The Financial Times has lunch with Marc Andreessen

Tuesday, December 13th, 2016

The Financial Times has lunch with Marc Andreessen:

Andreessen continues on the theme of how mundane his social life is for a plutocrat. “We eat at home almost every night. We watch an unbelievable amount of TV or movies.” He gossips about The Honourable Woman series, and attributes the creative renaissance of television to its expanding internet audience. “Today, you’re also selling to Netflix and Amazon and Microsoft and Sony and Yahoo.”

He likes television, he says, because it puts the writer in charge, and compares it to the best tech companies which are also built when you put founders in charge for long periods. “By the way, writers are often crazy; they’re unpredictable, they don’t necessarily operate on a budget or timetable you might want. They argue a lot. Which is the same thing we deal with, with founders. But you get the magic.”

Andreessen turns to public stock markets:

“There are so many people paid to make the problem worse: paid to regulate, to short-sell; to activists, to the governance experts, to the analysts. The pressure that comes to bear when you’re a public company is just astonishing and it comes at you from a dozen dimensions and you’re, “I can’t believe all these people are out there getting paid to attack me like this.”

Despite the touch of paranoia in his answer, Andreessen has thought deeply about finance. Stock markets are now too risk-averse and snarled by regulation, he says, which means public investors “won’t get the returns”. Besides, tech groups have access to multimillions of private capital to fund growth, so have less need for public markets. Any gains, therefore, accrue to a narrow group of wealthy private investors, such as Andreessen, rather than pension funds.

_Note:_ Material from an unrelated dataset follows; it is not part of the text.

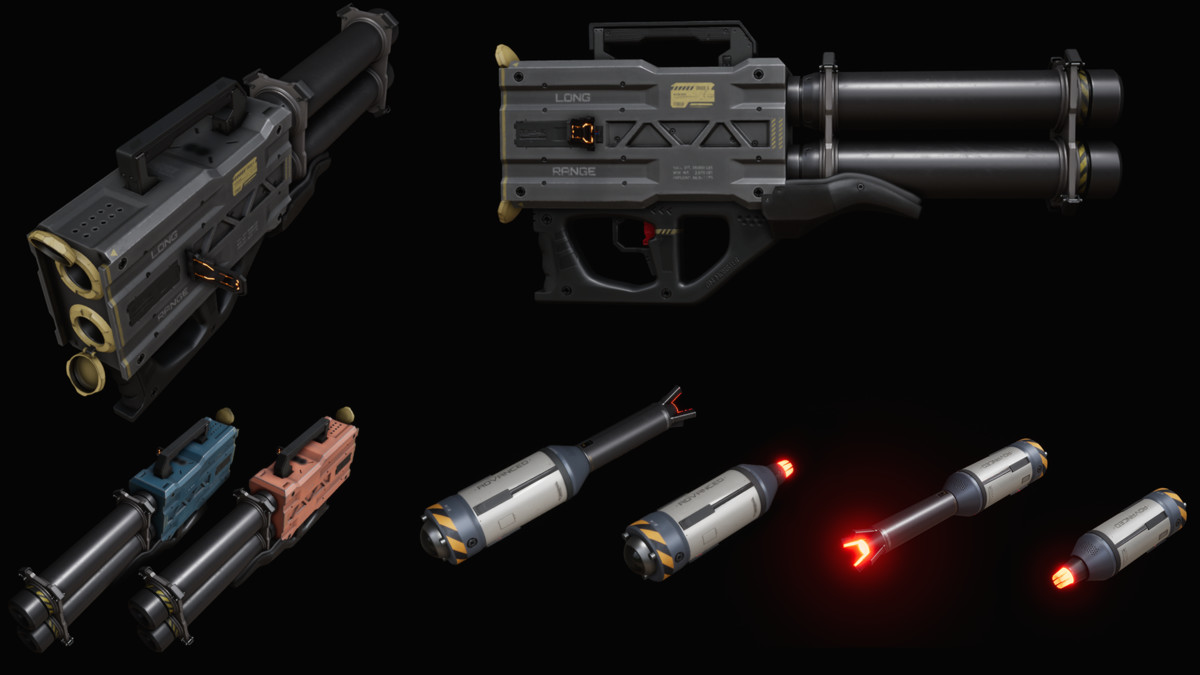 Sci-fi Arsenal V2 [LWRP & URP]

“Microsoft went public in 1986, valued at $300m. It went to $300bn. Public shareholders got a thousand-time rise. When Google went public in 2004, it had about a $30bn valuation and went to about $300bn. Investors got about a 10-time rise. Facebook went public at about $100bn. It’s now $200bn, so public investors have had a two-time rise.” I suggest he seems content living with risky investments. He agrees. “But I’m weird. I’m different. I’m unusual. Most people want to live in a world where there’s no risk. Most people want to invest their money and not have it fall.”